EXERCISE:
Among the entries below, only the lines from the one with "Fabrika Supply Gazelle" through the one with "Kiera Chaplin lors" are to be retyped, exactly and without pictures.

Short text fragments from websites
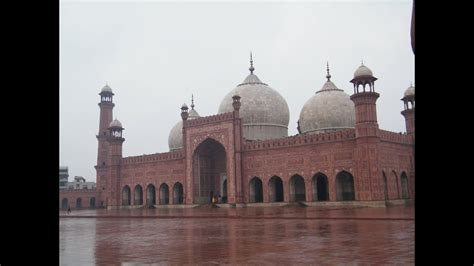 History of Badshahi Mosque Lahore - YouTube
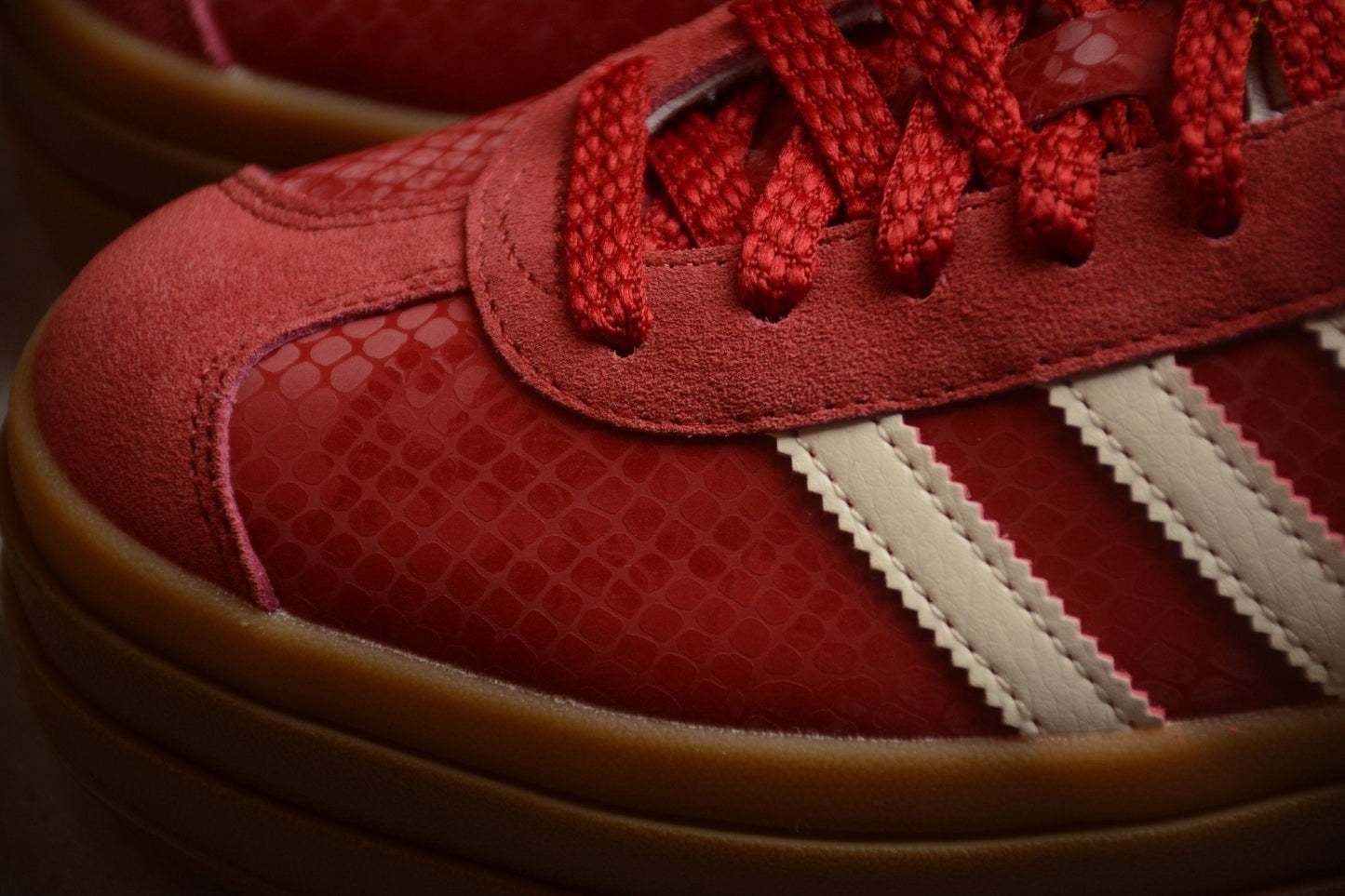Fabrika Supply Gazelle Bold Red / White | sapatilhas Sole Rua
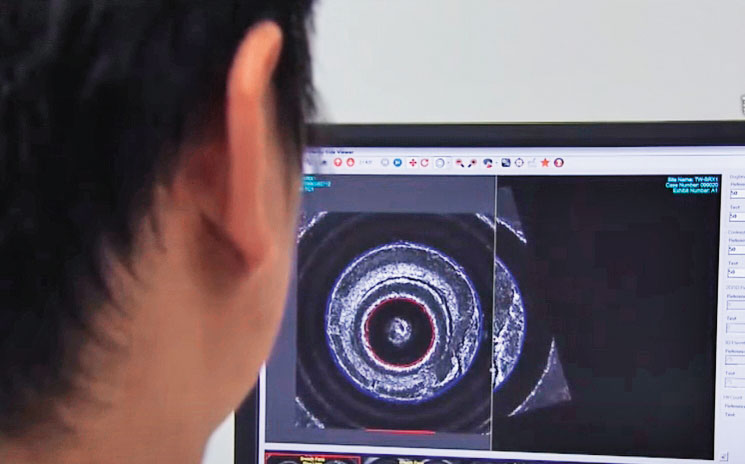 警方進行彈道比對，確認凶嫌以屏東失竊的卡賓槍犯下多起刑案。（東森新聞提供）
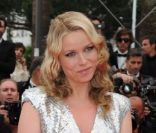 Kiera Chaplin lors de la montée des marches du film La Conquête le 18 mai 2011 à l'occasion du 64e Festival de Cannes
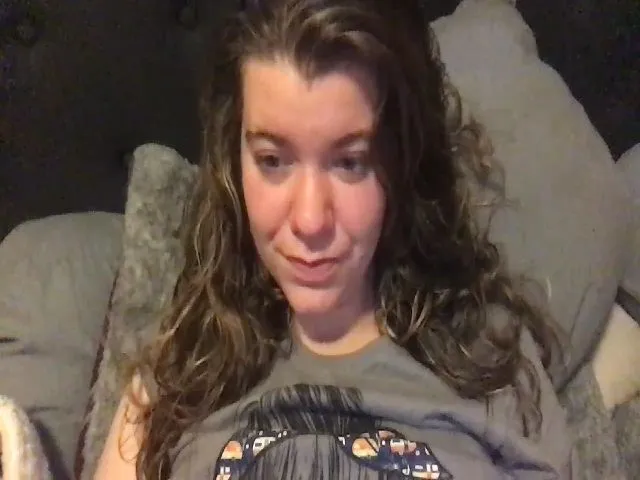 Live sex webcam photo for Trixiegirl3 #272307104
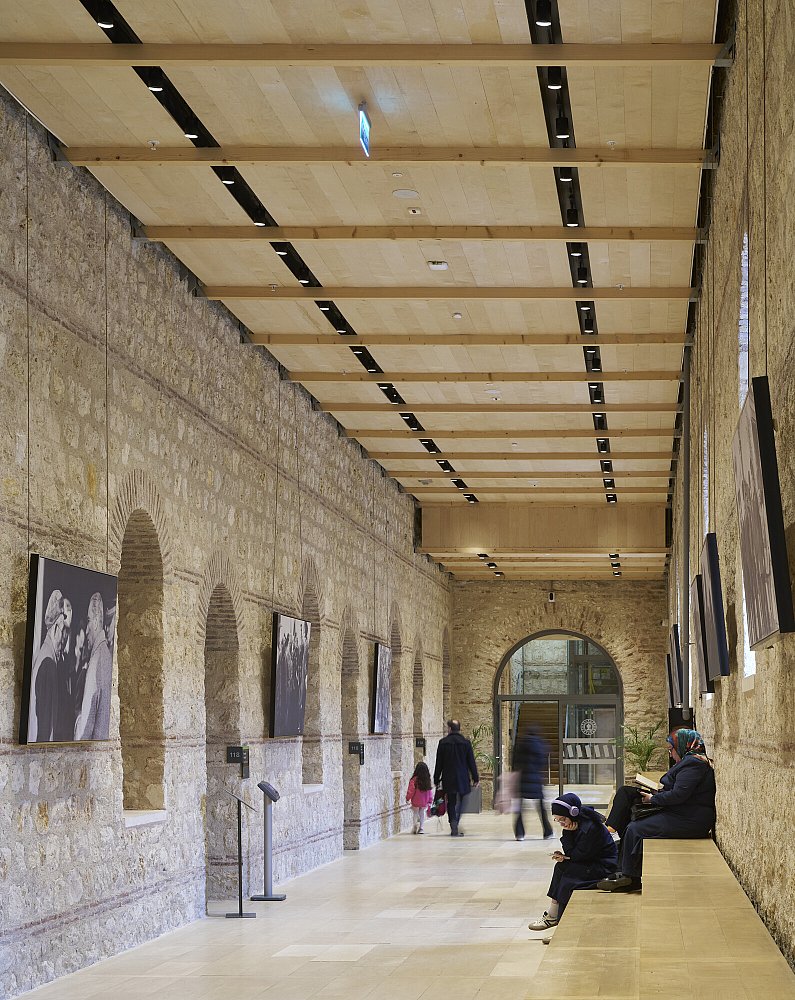 Rami-Library_199771.jpg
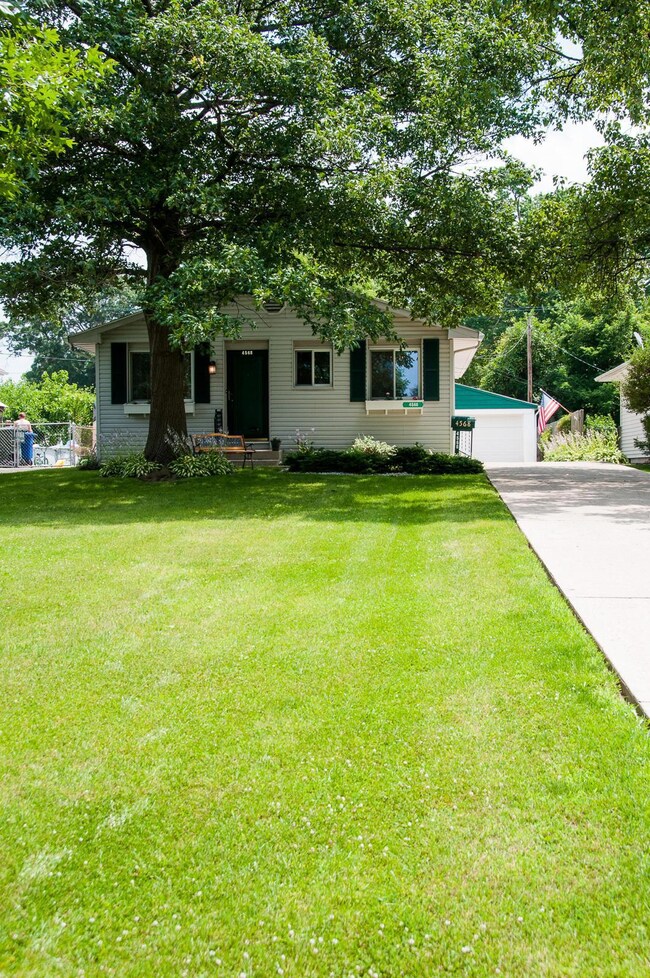 4568 Glenmawr Ave, Columbus, OH 43224 - photo 5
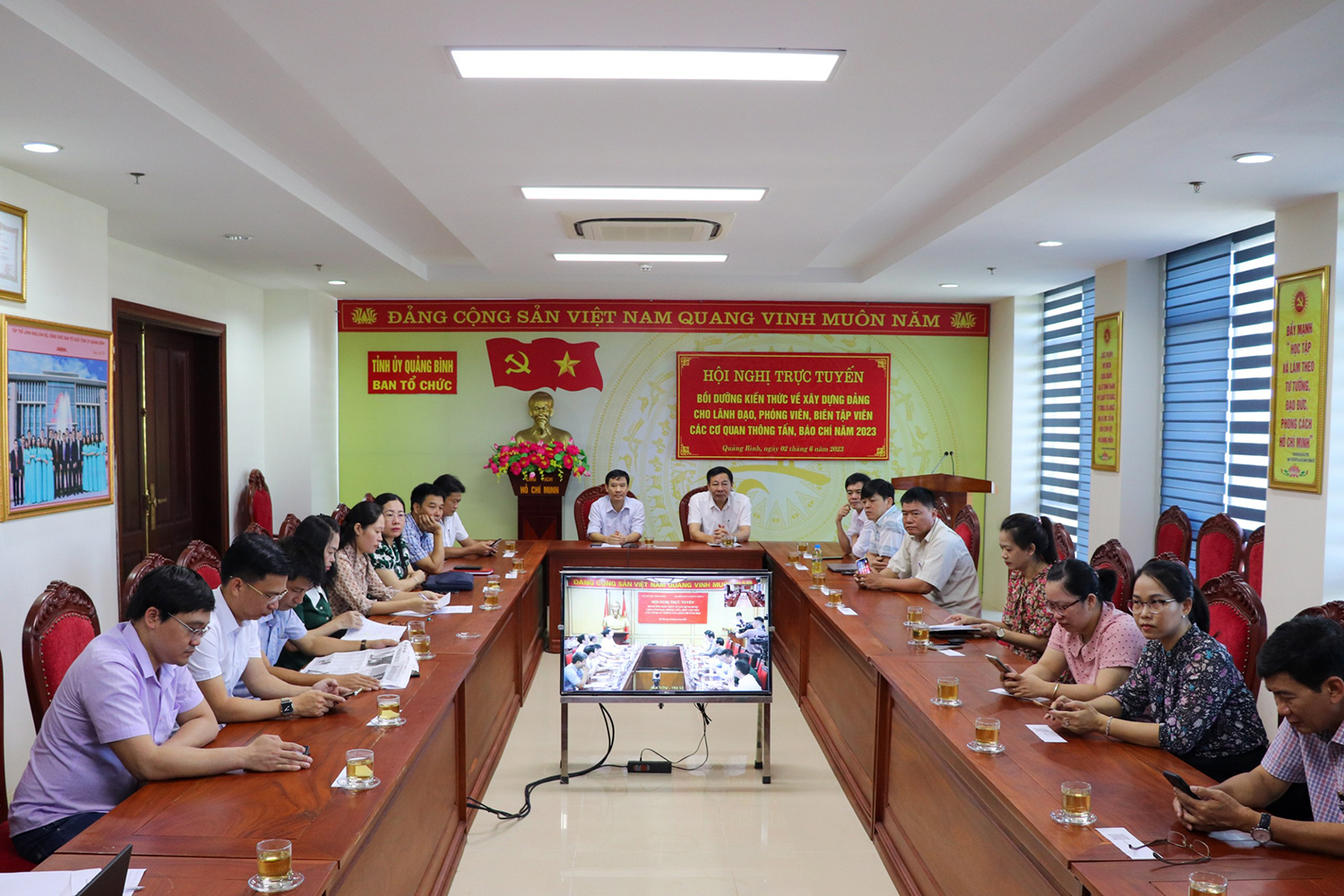 Bồi dưỡng kiến thức về xây dựng Đảng cho đội ngũ làm báo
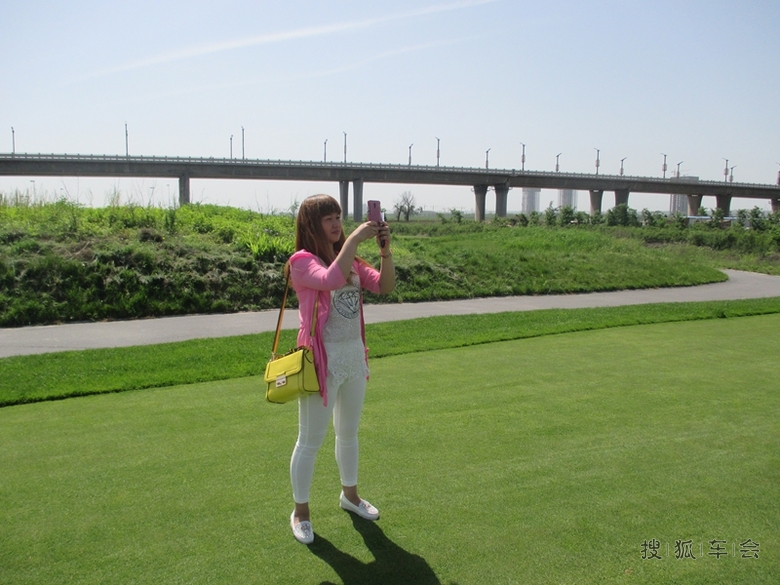 渭河湿地公园休闲打羽毛球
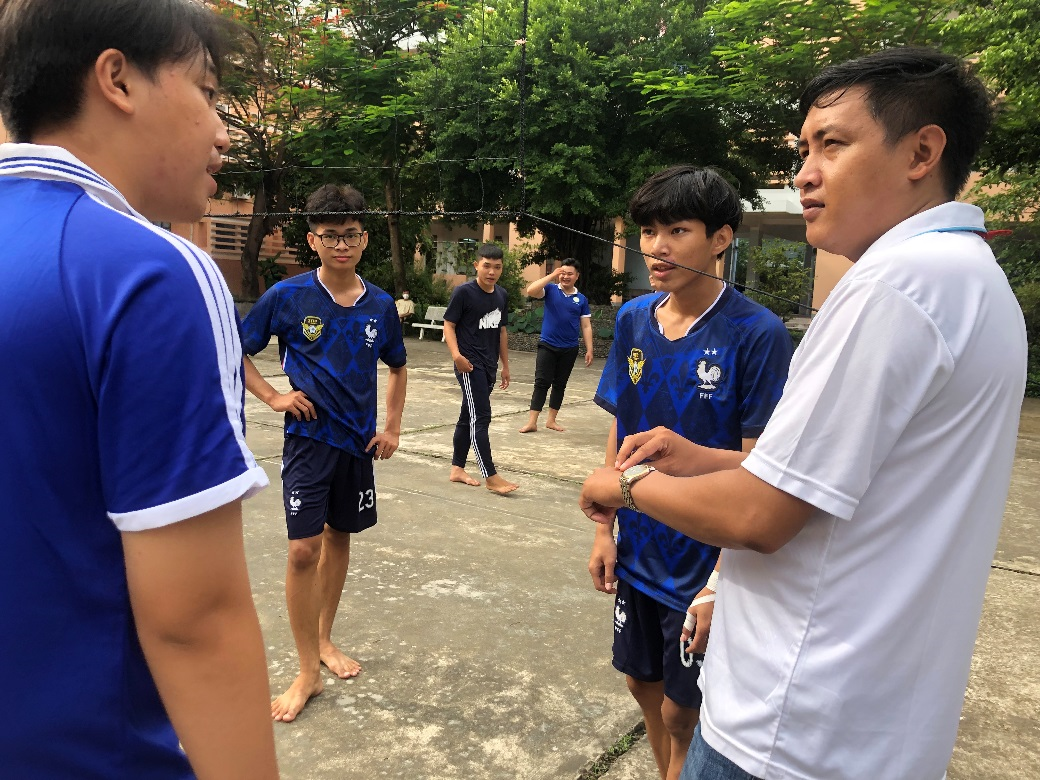 Vận động viên được phổ biến một số quy định từ trọng tài trước giờ tham gia thi đấu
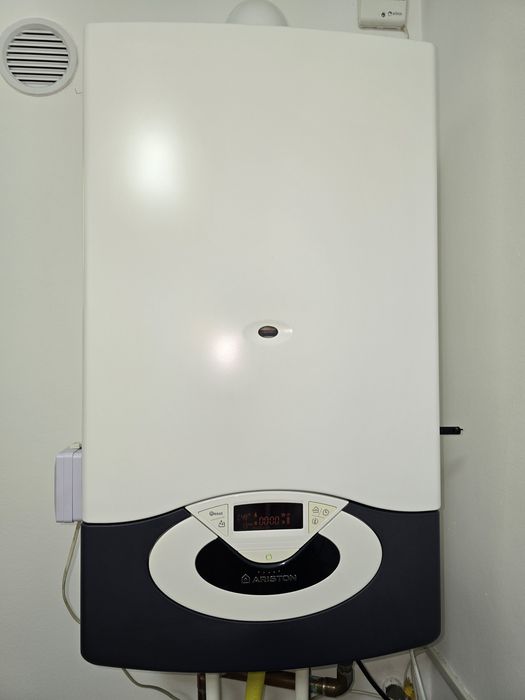 Centrala Ariston genus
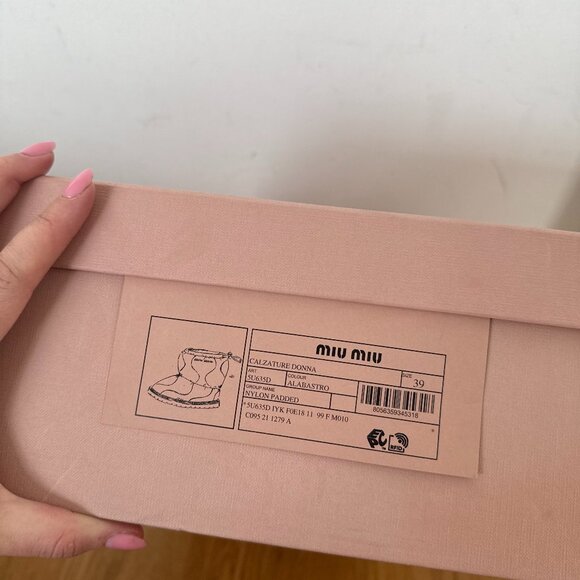 NWT Miu Miu Snow Ankle Boots Powder Pink Quilted Drawstring 39 - Picture 4 of 12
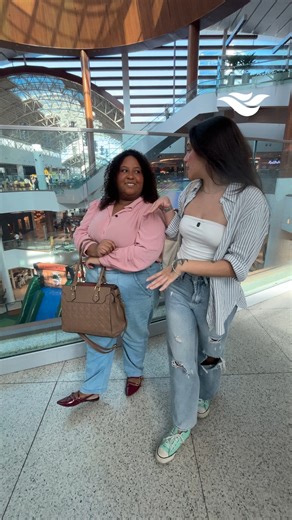 RioMar Recife on Instagram: "O Carnaval tá chegando e a gente só pensa em uma coisa: como chegar na folia com conforto! 🎊 O Expresso para a Folia, saindo do RioMar Recife, é a solução perfeita para quem quer aproveitar cada minuto sem abrir mão da comodidade. Confira os detalhes: 🗓️ De 13 a 17 de fevereiro. 📍 Destinos: Centro do Recife (R$ 25, ida e volta) e Olinda (R$ 30, ida e volta). 🚗 Estacionamento no RioMar: Tarifa única de R$ 15,50 por até 24h com pagamento exclusivo pelo App do RioMa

EXERCISE ANSWER:
Fabrika Supply Gazelle Bold Red / White | sapatilhas Sole Rua
 警方進行彈道比對，確認凶嫌以屏東失竊的卡賓槍犯下多起刑案。（東森新聞提供）
 Kiera Chaplin lors de la montée des marches du film La Conquête le 18 mai 2011 à l'occasion du 64e Festival de Cannes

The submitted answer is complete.